Error when trying to add documents layer to maps

looknleap · August 18, 2020, 10:32pm

I am trying to get a map visualization working, but I get the error: "Couldn't find any index patterns with geospatial fields"

As shown below, I have have the index template setup with a geoip field mapping (2 actually, client_GeoIP and geoip), the logstash output to elasticsearch is set to create geoip fields, and I see what I believe to be correctly created geoip fields in a document.

I don't know what else needs to happen to be able to get this into maps.

Pipeline: WAF --> Logstash --> Elasticsearch

Versions:

Elasticsearch: 7.9.0
Logstash 7.9.0

Here are the relevant fields from a syslog entry in Elasticsearch

"Client_GeoIP": {
  "country_code2": "US",
  "ip": "161.0.10.82",
  "region_code": "NY",
  "longitude": -74.0014,
  "latitude": 40.7503,
  "location": {
    "lon": -74.0014,
    "lat": 40.7503
  },
},
"geoip": {
  "country_code2": "US",
  "ip": "161.0.10.82",
  "longitude": -74.0014,
  "latitude": 40.7503,
  "location": {
    "lon": -74.0014,
    "lat": 40.7503
  },
},

Index Template (Relevant Portion)

...
      "geoip": {
        "dynamic": true,
        "properties": {
          "ip": {
            "type": "ip"
          },
          "latitude": {
            "type": "half_float"
          },
          "location": {
            "type": "geo_point"
          },
          "longitude": {
            "type": "half_float"
          }
        }
      },
      "Client_GeoIP": {
        "dynamic": true,
        "type": "object",
        "properties": {
          "ip": {
            "type": "ip"
          },
          "latitude": {
            "type": "half_float"
          },
          "location": {
            "type": "geo_point"
          },
          "longitude": {
            "type": "half_float"
          }
        }
...

Logstash syslog pipeline config (relevant portions)

...
filter {
...
    if ([Client_IP]) {
        geoip { 
            source => "Client_IP"
            target => "Client_GeoIP"
        }
        geoip {
            source => "Client_IP"
        }
    }
}
output {
    elasticsearch {
...
    template_name => "syslog"
    }
}

aaron-nimocks · August 19, 2020, 12:11am

Seems correct. If you made changes after the initial index pattern was created you might need to go refresh it.
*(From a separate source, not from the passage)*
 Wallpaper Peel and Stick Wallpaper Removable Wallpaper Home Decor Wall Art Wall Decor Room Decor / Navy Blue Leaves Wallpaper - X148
looknleap · August 19, 2020, 3:27am

Well shoot, I wish you had not said that. I refreshed the index pattern right now just in case, but it did not change anything.

jsanz · August 19, 2020, 10:11am

Have you checked the conditions listed from the Troubleshoot documentation page. Looks you already did the second, though.
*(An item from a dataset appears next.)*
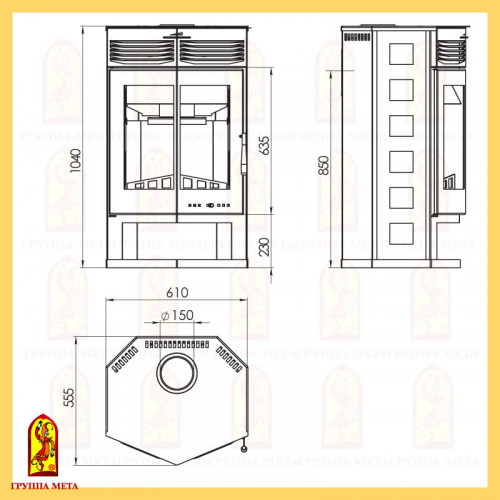 Печь-камин Мета Варяг 9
looknleap · August 19, 2020, 2:53pm

Thanks for that. I had not seen that page.
Good(ish) news! It turned out that one of the indices that I reindexed did not get the original index deleted. That fixed the issue with the original Client_GeoIP field. Now I can select the syslog-* index pattern in maps. However, I am now seeing that there are no options in the "select geo field" dropdown.

Edit: I just had to refresh the index pattern and then it worked. Thank you.

jsanz · August 19, 2020, 3:29pm

Glad it worked, cheers!

system · September 16, 2020, 3:29pm

This topic was automatically closed 28 days after the last reply. New replies are no longer allowed.